WHAT THIS TASK INVOLVES: Give the listing back in full, exactly as written, with the pictures removed.

THE DATA:
-------

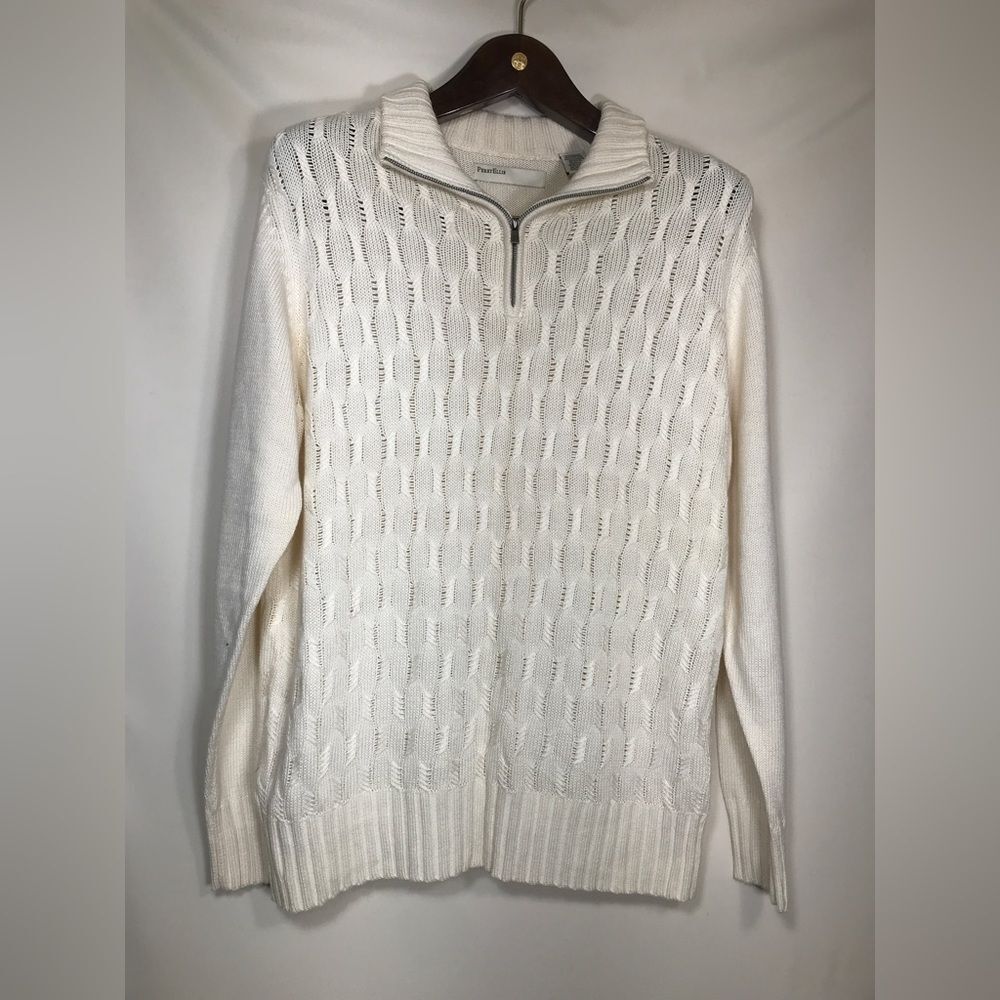 Perry Ellis Ivory Cable-Knit Sweater, Men's Size Medium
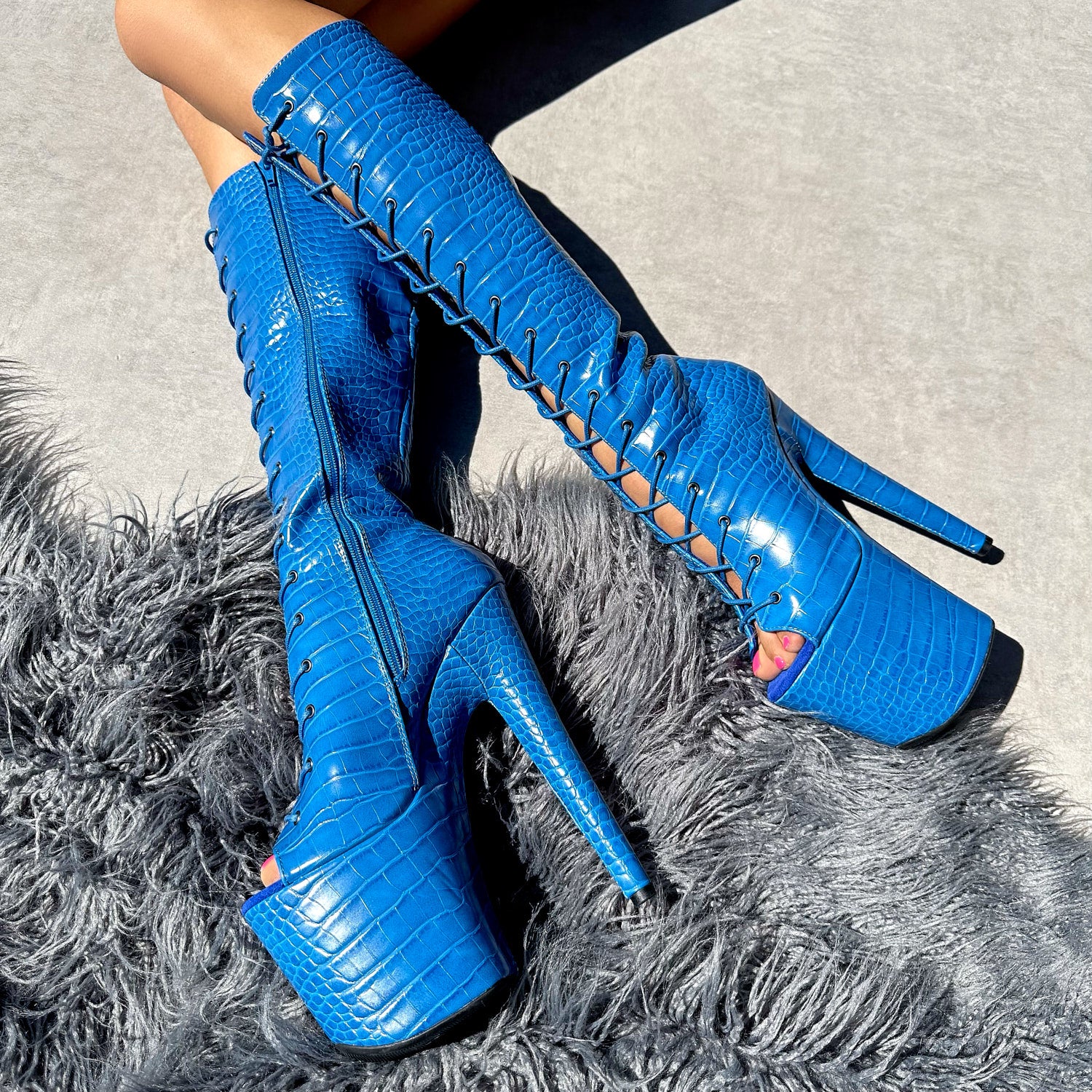 Electric Boa - Knee Boot Open Toe - 8INCH, stripper shoe, stripper heel, pole heel, not a pleaser, platform, dancer, pole dance, floor work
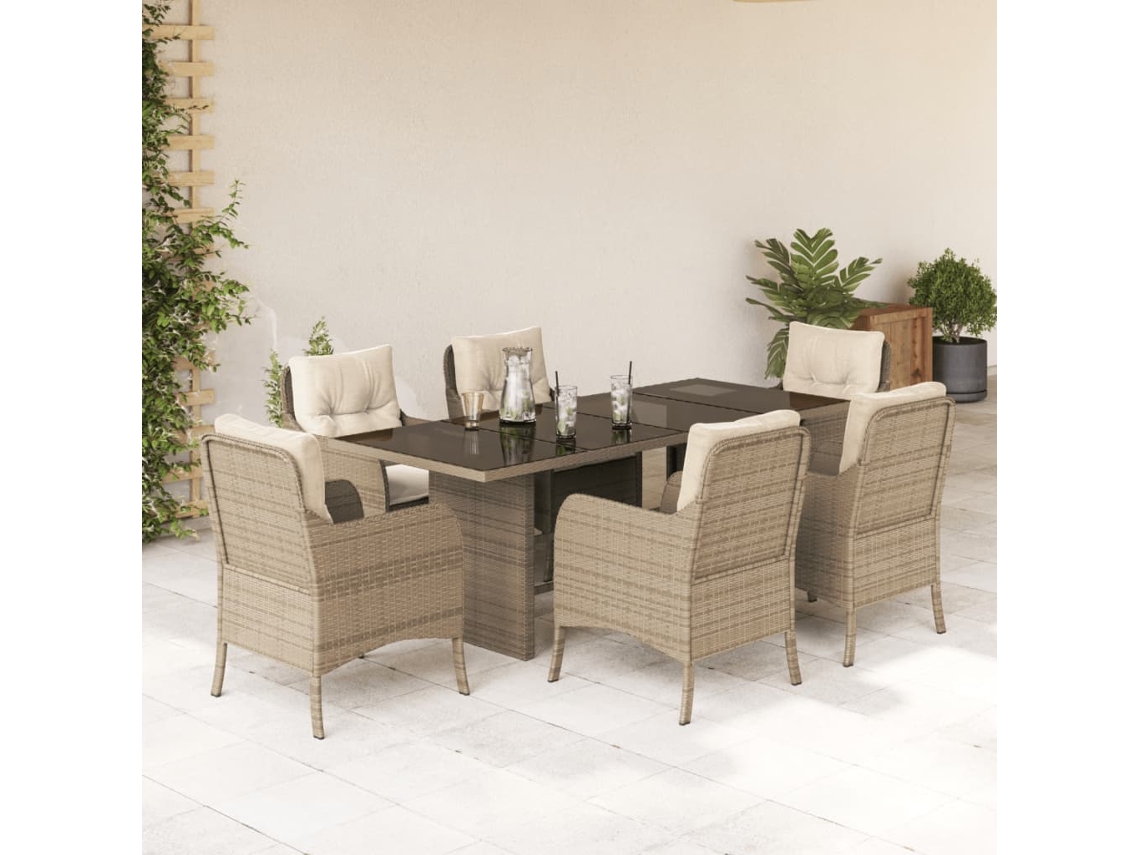 7 Pcs Conjunto De Jantar P/ Jardim Com Almofadões Vime Pe Bege Dkd Home Decor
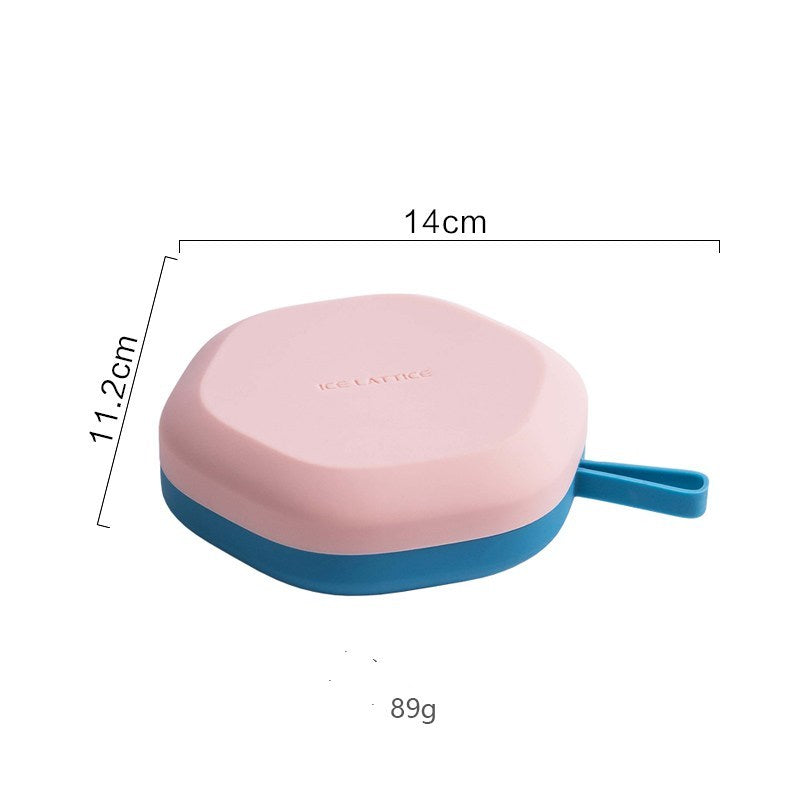 Shopi Vella 3D ice cream maker silicone in pink and blue with compact home storage design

-------

ANSWER TO THIS EXERCISE:
 Perry Ellis Ivory Cable-Knit Sweater, Men's Size Medium
 Electric Boa - Knee Boot Open Toe - 8INCH, stripper shoe, stripper heel, pole heel, not a pleaser, platform, dancer, pole dance, floor work
 7 Pcs Conjunto De Jantar P/ Jardim Com Almofadões Vime Pe Bege Dkd Home Decor
 Shopi Vella 3D ice cream maker silicone in pink and blue with compact home storage design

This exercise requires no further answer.